Exercise objective
Print exactly, and only, the lines from the one that has "間引きしないとこんなにも野菜は育たないものか" through the end of the material below, with both ends included and the pictures omitted.

_ _ _

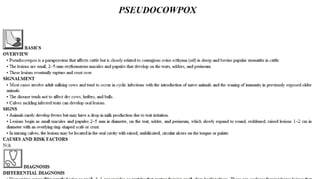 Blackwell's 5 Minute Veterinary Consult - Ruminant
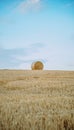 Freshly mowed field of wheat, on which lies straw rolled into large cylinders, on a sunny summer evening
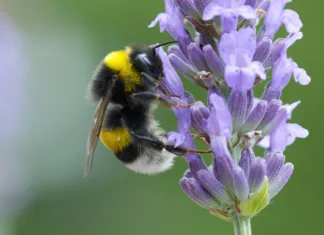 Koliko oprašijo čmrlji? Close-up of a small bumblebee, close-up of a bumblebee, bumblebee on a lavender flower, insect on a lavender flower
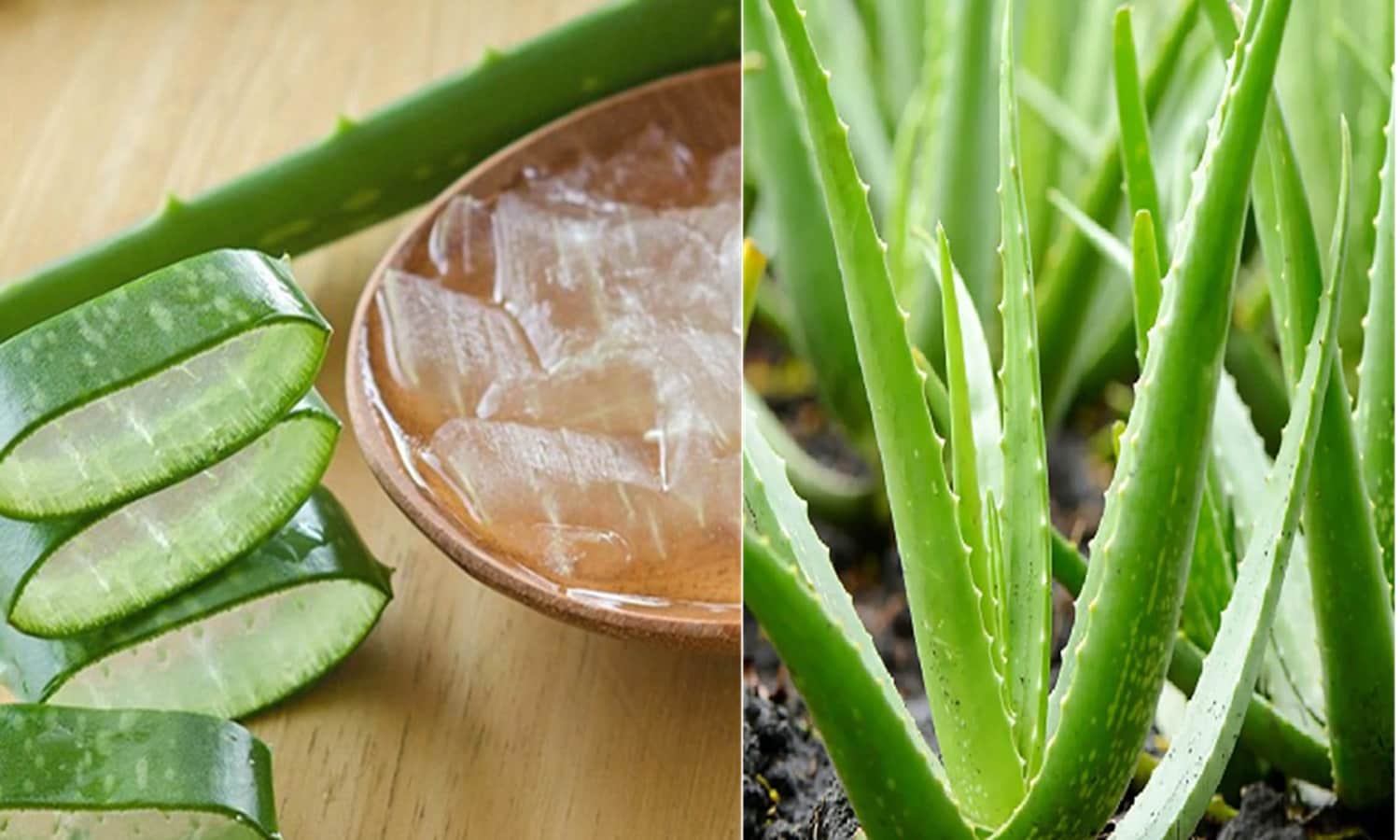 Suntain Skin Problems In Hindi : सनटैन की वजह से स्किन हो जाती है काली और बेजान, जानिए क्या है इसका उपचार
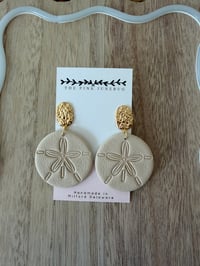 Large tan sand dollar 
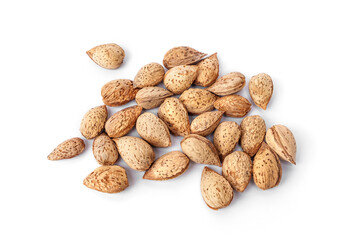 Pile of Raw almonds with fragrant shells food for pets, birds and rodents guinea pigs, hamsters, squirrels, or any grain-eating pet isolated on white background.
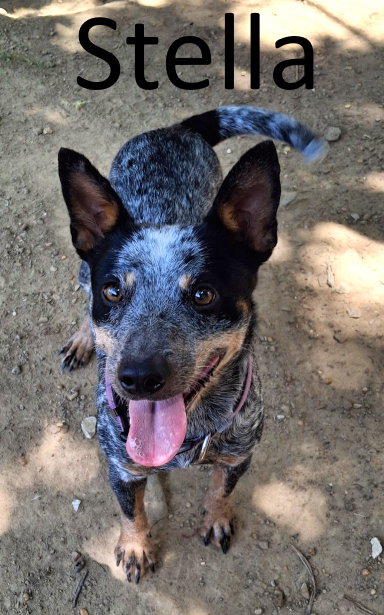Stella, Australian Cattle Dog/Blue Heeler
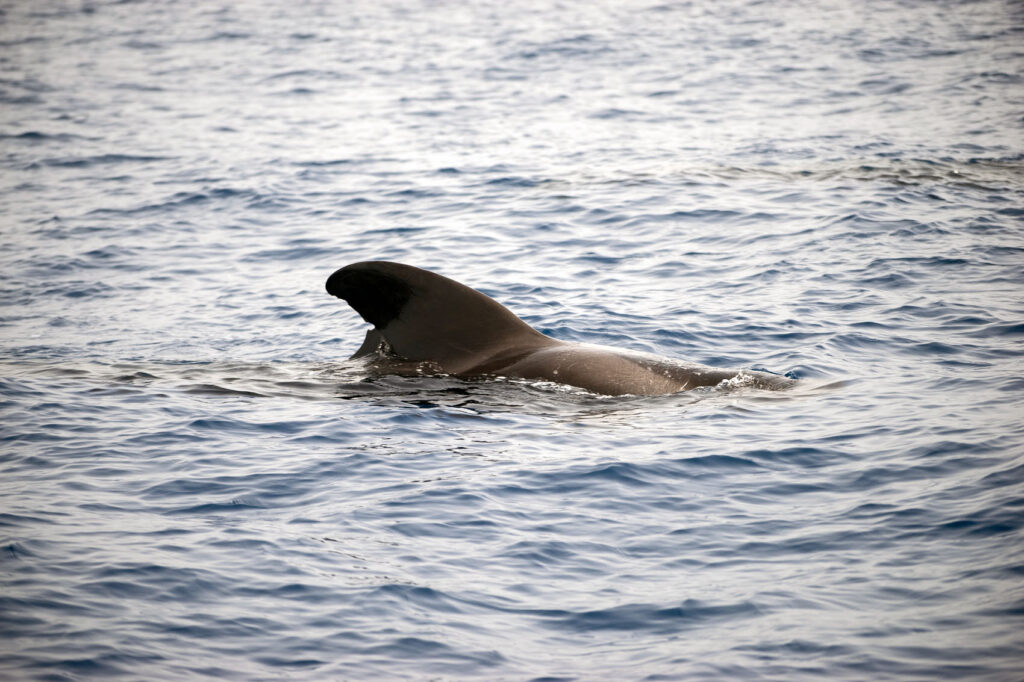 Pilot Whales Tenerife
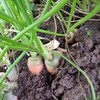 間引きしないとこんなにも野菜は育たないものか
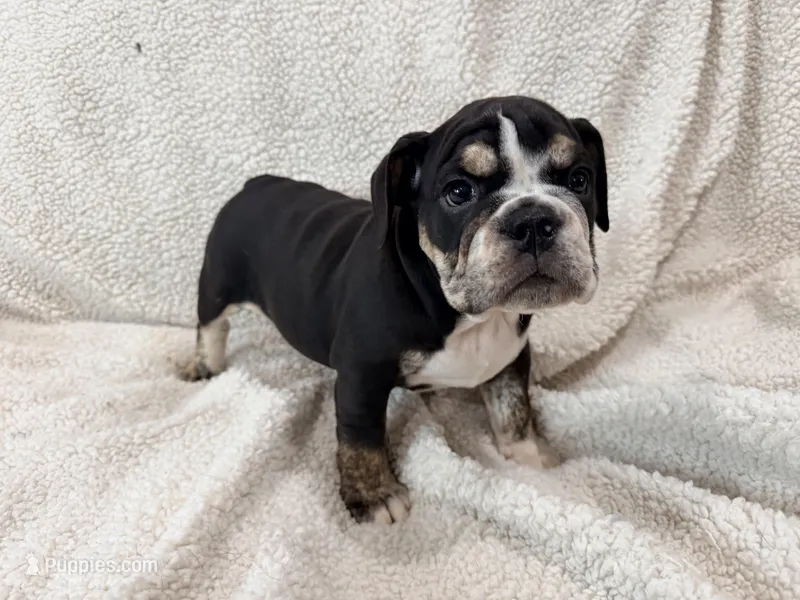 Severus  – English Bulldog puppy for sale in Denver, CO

_ _ _

Response box
 間引きしないとこんなにも野菜は育たないものか
 Severus  – English Bulldog puppy for sale in Denver, CO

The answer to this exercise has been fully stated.